Publicado em: 11/02/2019 09:00 Atualizado em:

Tempos novos, tempos difíceis, tenho certeza, tempos piores. Mas há grandes esperanças na literatura, sobretudo em relação à narração, que precisa refletir os conflitos contemporâneos para não correr o risco de se afastar da realidade e afundar no mundo em que a voz das minorias continue cassada e ameaçada. Os estudiosos indicam erros grandiosos que cometemos na realização literária com ênfase apenas na gramática portuguesa tradicional e conservadora, que não usamos comumente não só no coloquial, mas na linguagem escrita, em documentos, redações, textos jornalísticos, palestras, e tudo mais. Enfim, falamos uma língua e estudamos outra. O jornalismo, por exemplo, é uma ponte entre o coloquial e o tradicional. Os nossos artigos também. Críticos de Lima Barreto costumavam dizer que ele era desleixado ou que não conhecia a gramática. Para defendê-lo, Agripino Griecco perguntava: E quem sabe?

Machado de Assis foi acusado, muitas vezes, de incorreções. É muito conhecido, por exemplo, o diálogo que o Bruxo teve, talvez supostamente, com o escritor Medeiros e Albuquerque na famosa rua do Ouvidor, Rio de Janeiro. Medeiros teria lhe confessado que tivera dificuldades para contratar um professor de português que não soubesse gramática, para o colégio que dirigia. Machado fez uma reclamação imediata: E por que não me contratou? Afinal, escrever segundo a norma culta nunca foi fácil para ninguém. Senão impossível realizar as tramoias da gramática.

Enquanto escrevo este artigo consulto o livro Preconceito Linguístico, de Marcos Bagno, e encontro um exemplo sutil. Escreve: “Quando vou dar uma palestra em congressos e seminários ou conversar com professores de português, escrevo o seguinte enunciado na lousa e pergunto o que é que há de errado com ele: “João está doente, por isso me pediu para vir aqui no lugar dele”. Deixo que as pessoas reflitam e deem suas opiniões. Cada um arrisca uma resposta mas nenhum detecta o “erro” denunciado pelo jornalista Eduardo Martins no seu livro Com todas as letras. A construção pedir para “só pode ser empregada quando o sentido é o de pedir permissão, licença ou autorização.
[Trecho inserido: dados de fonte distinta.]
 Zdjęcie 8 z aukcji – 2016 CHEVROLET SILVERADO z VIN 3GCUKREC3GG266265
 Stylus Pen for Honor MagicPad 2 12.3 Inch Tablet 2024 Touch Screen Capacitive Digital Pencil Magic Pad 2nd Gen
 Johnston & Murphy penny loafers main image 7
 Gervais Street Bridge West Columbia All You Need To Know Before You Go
O certo conforme Martins, é usar pedir que + subjuntivo: João está doente, por isso me pediu que viesse aqui no lugar dele.” Ainda citando Martins, Bagno revela: “A locução pedir para é um dos melhores exemplos do abismo existente entre a linguagem coloquial e a norma culta do idioma.”
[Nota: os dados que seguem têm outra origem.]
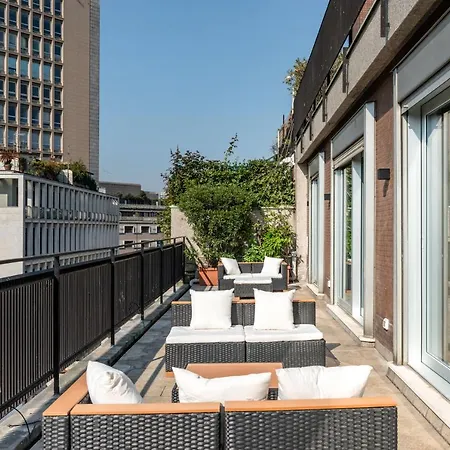 Apartament Sweett - Duomo View Mediolan
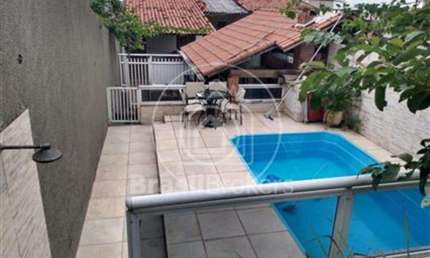 Casa com 3 quartos à venda na Rua Correia e Castro, Jardim Guanabara, Rio de Janeiro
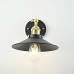 Бра Loft Cone Factory Black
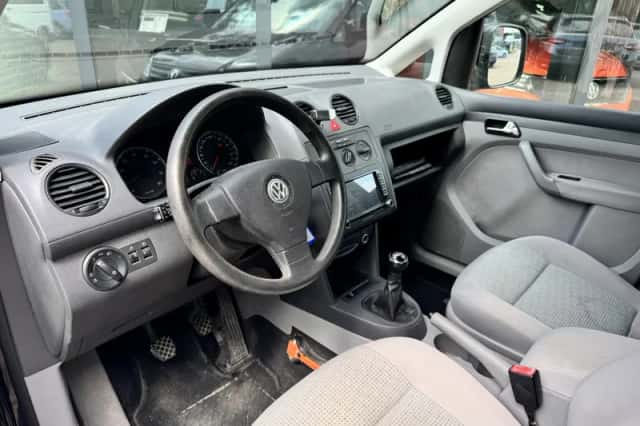 Volkswagen Caddy (2007) thumbnail 6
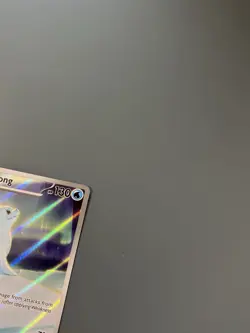 Pokemon TCG Mega Evolution Phantasmal Flames: Dewgong 097/094 IR - Near Mint - Image 3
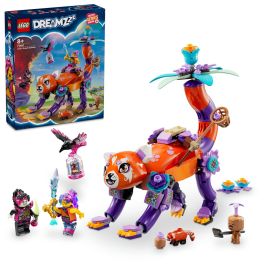 CLAN QUEEN TOYS 新品未開封 LEGO® - DREAMZzz™ 71481 伊茲的夢中動物(追夢者的試煉,熊貓,玩具動物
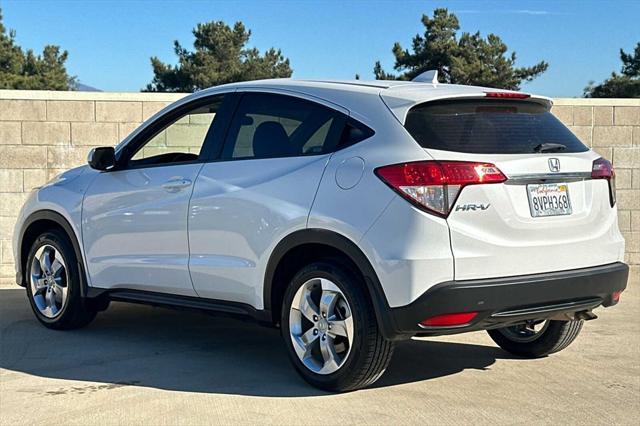 used 2021 Honda HR-V car, priced at $19,288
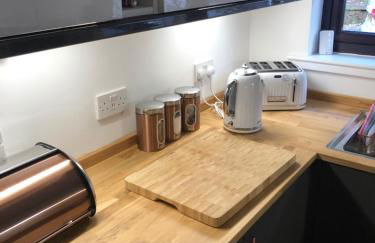 Amazing Alps and Loch views - HOT TUB and pet friendly - Foto 39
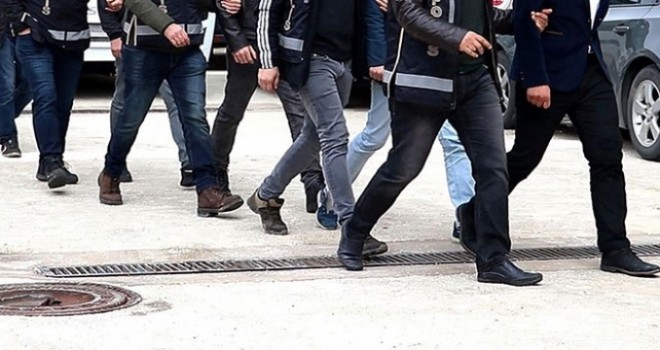 Antalya'da düzenlenen uyuşturucu operasyonunda 16 şüpheli yakalandı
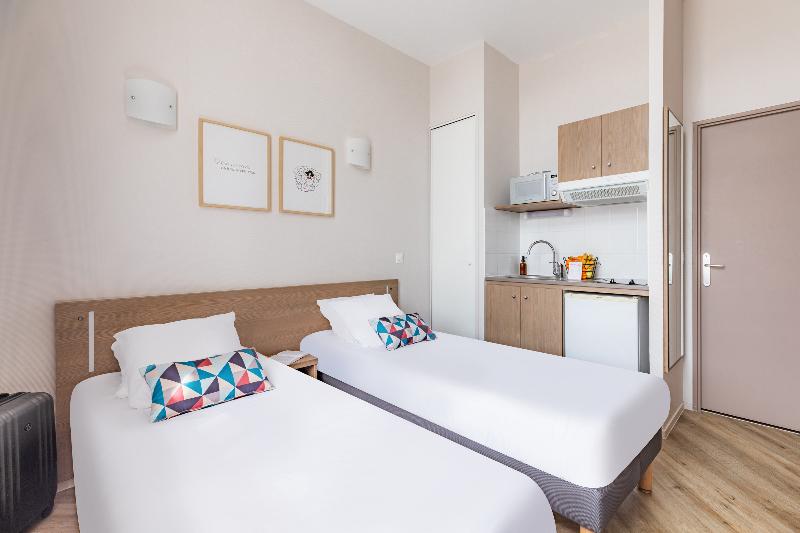 Appart'City Confort Reims Centre - Oda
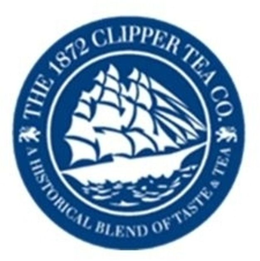 THE 1872 CLIPPER TEA CO. A HISTORICAL BLEND OF TASTE & TEA trademark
Tudo isso tem me preocupado muito e, por isso mesmo, estou realizando na Oficina de Criação Literária um curso sobre a linguagem na narrativa contemporânea para observar com atenção a fala das minorias, dos bares, das ruas, dos estádios, para que ela nos enriqueça através dos narradores e dos personagens, sobretudo com as gírias que são, a princípio, condenadas pelas gramáticas, pelos compêndios, pelos ensaios. Enfim, qual a linguagem da narrativa contemporânea? Quando escrevemos, usamos os nossos vícios e não a norma culta. Se usamos os nossos vícios por que não respeitar os vícios, as gírias do outros? Costumamos muito usar a nossa gíria gramatical.. É assim. Tenho horror ao este – presente e futuro – e esse – passado – A que chamo de firula gramatical, mera inutilidade. Às vezes imagino quantos erros coloquei neste artigo. A literatura, o jornalismo e o articulista simulam a norma culta. E agora?